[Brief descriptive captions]
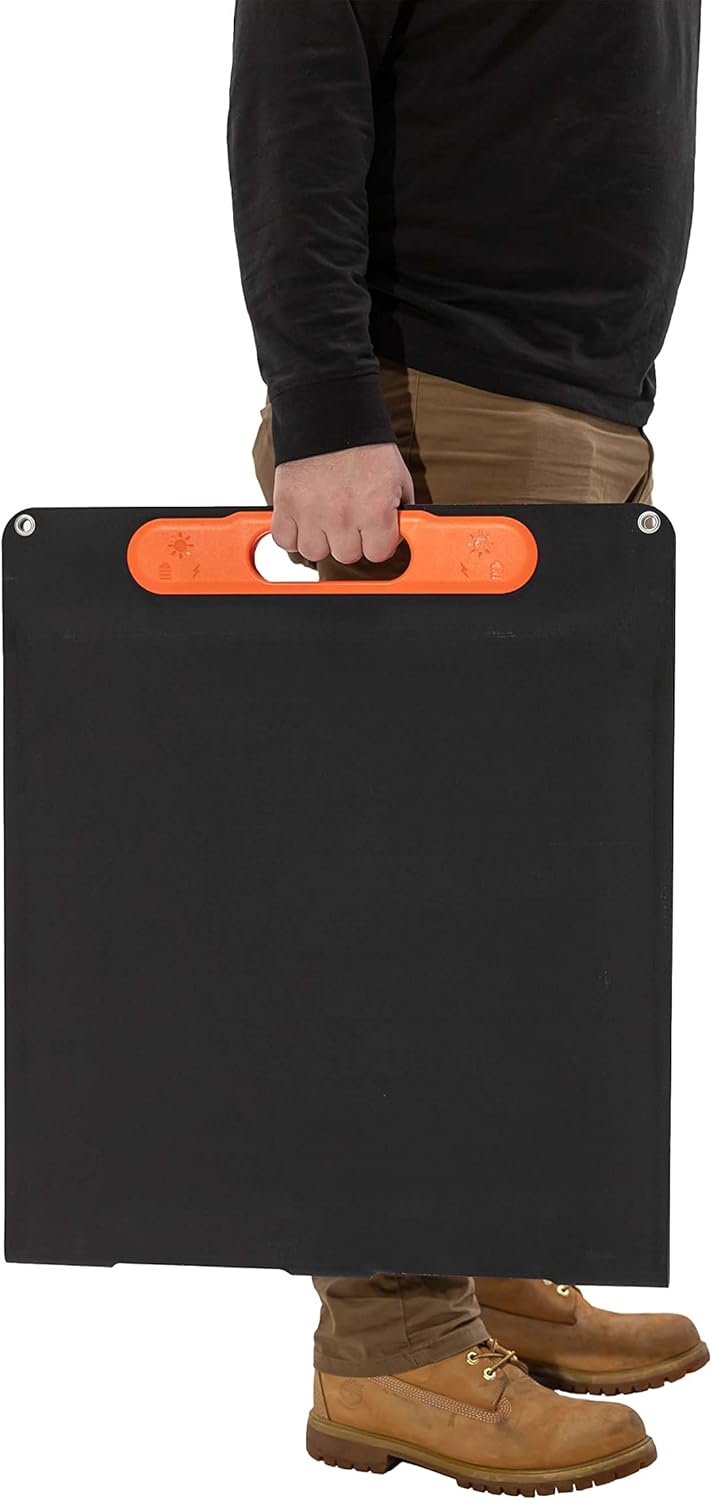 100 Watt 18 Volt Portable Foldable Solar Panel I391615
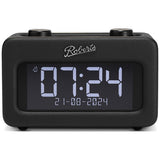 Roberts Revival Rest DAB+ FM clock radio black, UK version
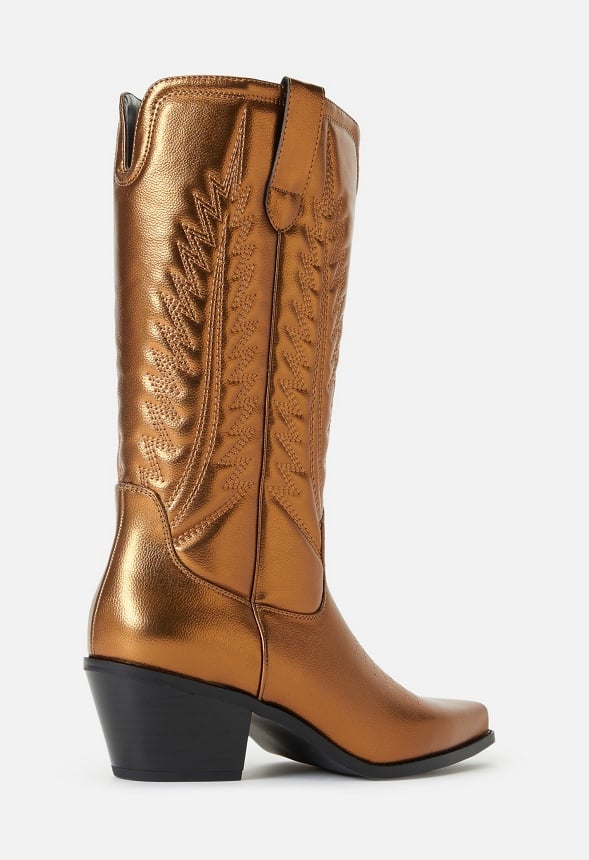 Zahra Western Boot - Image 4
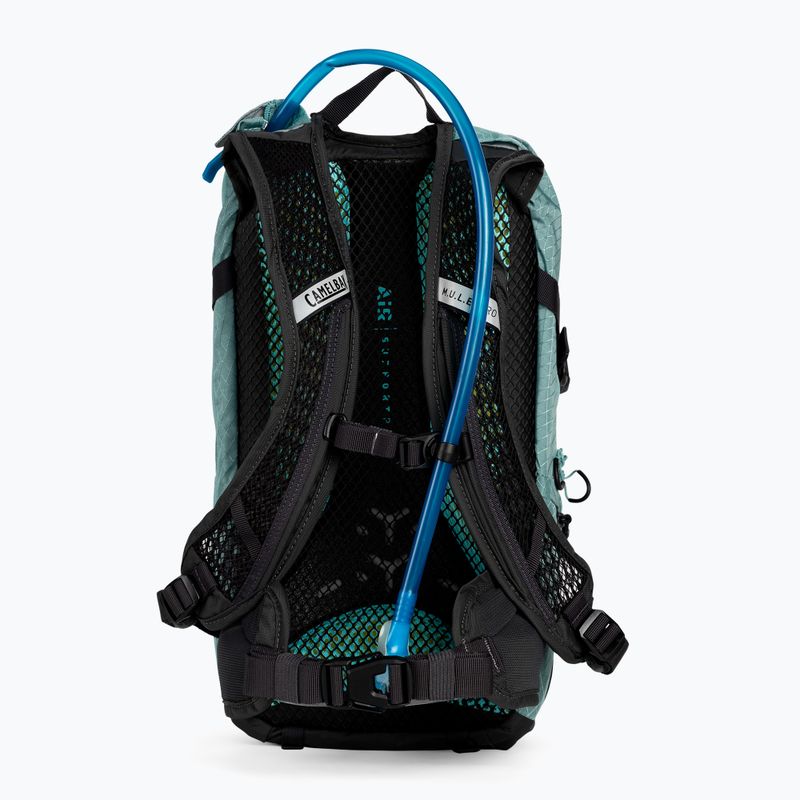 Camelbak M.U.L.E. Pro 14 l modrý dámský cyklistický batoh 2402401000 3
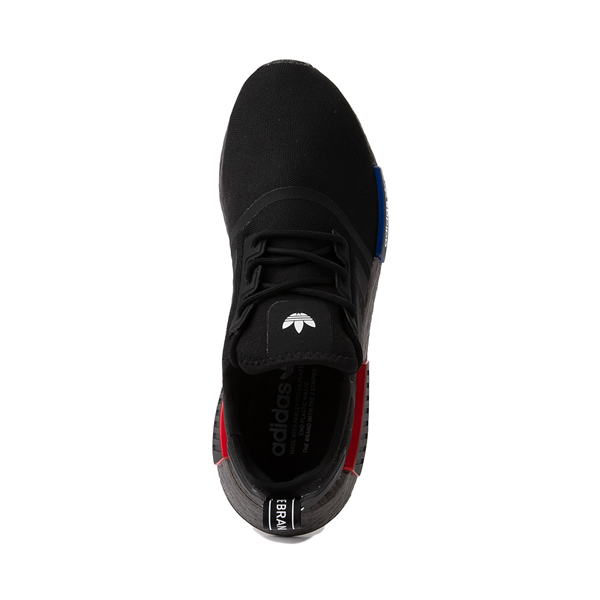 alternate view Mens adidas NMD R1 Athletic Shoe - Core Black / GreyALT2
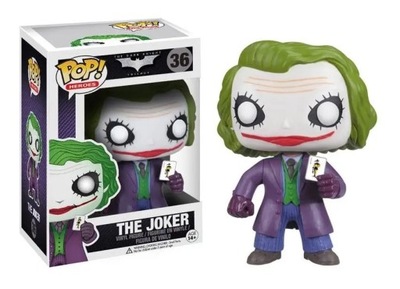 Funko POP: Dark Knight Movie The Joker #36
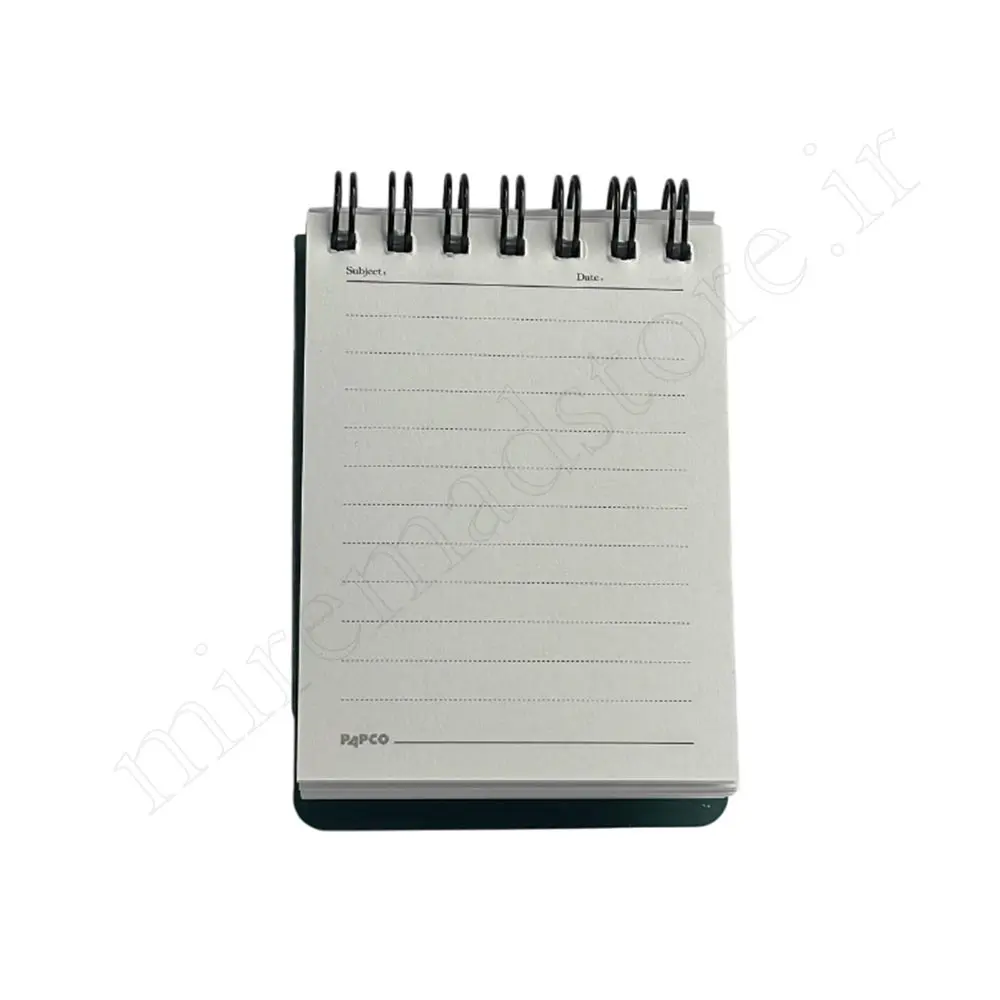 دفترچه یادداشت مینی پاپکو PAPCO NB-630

» **TASK TO CARRY OUT**:
Exactly the lines from the line with "Funko POP: Dark Knight Movie The Joker #36" through the end of the data are to be reproduced, and no picture is to be included.

» **ANSWER FOR THIS EXERCISE**:
 Funko POP: Dark Knight Movie The Joker #36
 دفترچه یادداشت مینی پاپکو PAPCO NB-630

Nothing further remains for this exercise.